The Constitution of the Bolivarian Republic of Venezuela (Spanish: Constitución de la República Bolivariana de Venezuela (CRBV)) is the current and twenty-sixth constitution of Venezuela. It was drafted in mid-1999 by a constituent assembly that had been created by popular referendum. Adopted in December 1999, it replaced the 1961 Constitution, the longest-serving in Venezuelan history. It was primarily promoted by then President of Venezuela Hugo Chávez and thereafter received strong backing from diverse sectors, including figures involved in promulgating the 1961 constitution such as Luis Miquilena and Carlos Andrés Pérez. Chávez and his followers (chavistas) refer to the 1999 document as the "Constitución Bolivariana" (the "Bolivarian Constitution") because they assert that it is ideologically descended from the thinking and political philosophy of Simón Bolívar and Bolivarianism. Since the creation of the Constituent National Assembly in August 2017, the Bolivarian government has declared the 1999 constitution suspended until a new constitution is created.
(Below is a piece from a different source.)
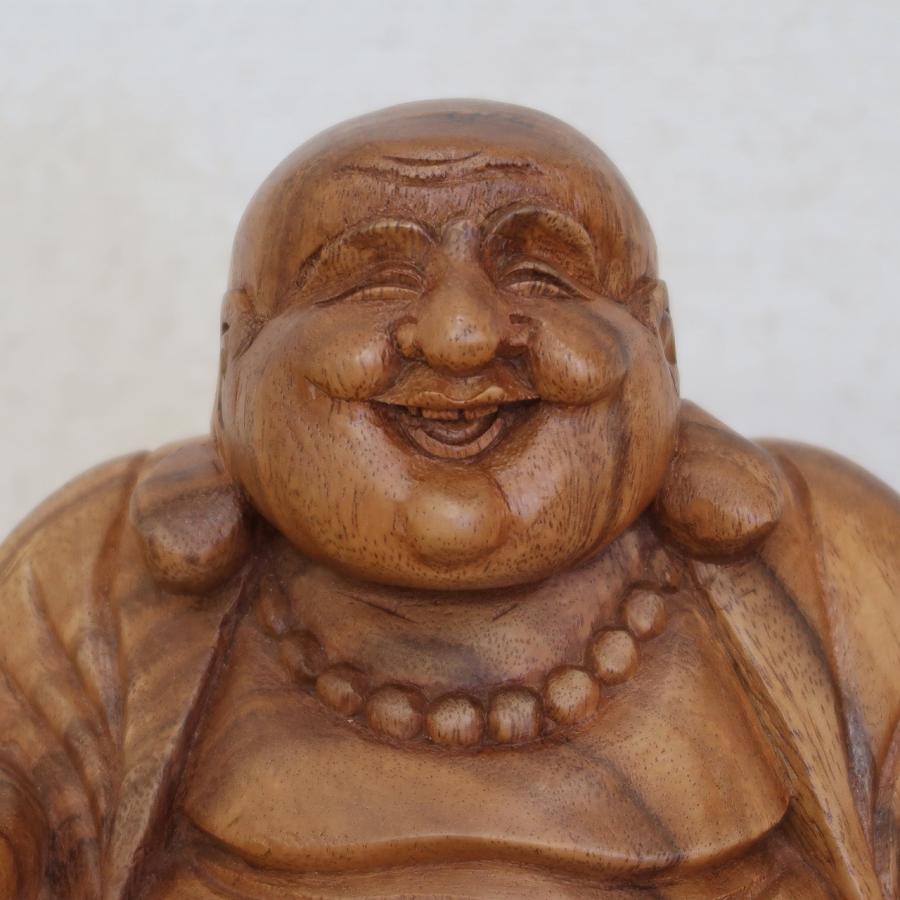 布袋さんの木彫り 座像 木製 スワール無垢材 20cm 七福神 布袋尊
The Constitution of 1999 was the first constitution approved by popular referendum in Venezuelan history, and summarily inaugurated the so-called "Fifth Republic of Venezuela" due to the socioeconomic changes foretold in its pages, as well as the official change in Venezuela's name from the República de Venezuela ("Republic of Venezuela") to the República Bolivariana de Venezuela ("Bolivarian Republic of Venezuela"). Major changes are made to the structure of Venezuela's government and responsibilities, while a much greater number of human rights are enshrined in the document as guaranteed to all Venezuelans – including free education up to tertiary level, free health care, access to a clean environment, right of minorities (especially indigenous peoples) to uphold their own traditional cultures, religions, and languages, among others. The 1999 Constitution, with 350 articles, is among the world's longest, most complicated, and most comprehensive constitutions.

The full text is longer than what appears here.